Türk tarafı da Rum tarafının federal bir çözüm değil de üniter bir idare sistemi istediğini.
KKTC basınından bu konuda, Güneye suçlamalar da yapıldığını, okuyoruz, izliyoruz.
Sn. Akıncı’nın görüşme sonrası, yaptığı açıklamada, bu konunun üzerinde durarak her iki tarafın halkına, şüpheleri ortadan kaldıracak açıklamalarda bulundu.
Sn. Akıncı: İki kesimli, iki toplumlu eşitliğe dayalı iki kurucu devletli bir yapı için çalışıyoruz.
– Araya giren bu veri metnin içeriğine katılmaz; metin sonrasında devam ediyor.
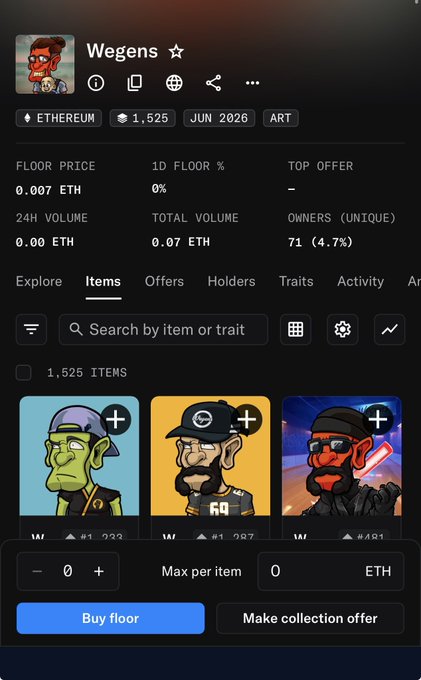 An NFT marketplace listing for the 'Wegens' collection on Ethereum, showing a floor price of 0.007 ETH, 1,525 items, 71 owners, and three sample cartoon character thumbnails.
Sn. Akıncı Rum tarafının iddia ettiği gibi çözüm için konfederal bir sistem istenmediğini de açıklamasında söyledi.
Bütün çabalar federal bir yapı için.
Güneye baktığımızda ise gerek yetkililer, gerekse, sivil toplum örgütleri ve medya.
Kıbrıs Cumhuriyetinin, ortadan kalkmayacağını federal bir yapıya dönüştürüleceğinin, üzerine basa basa açıklamada bulunuyorlar.
Hem de, toplumlarını, bu yöndeki bir anlaşma için, hazırlıyorlar.
Masada görüşülmekte olan, federasyon çözüm şeklinin, siyasal bilimde ve siyasal literatürde, nasıl oluştuğuna bakmakta, fayda telakki etmekteyiz.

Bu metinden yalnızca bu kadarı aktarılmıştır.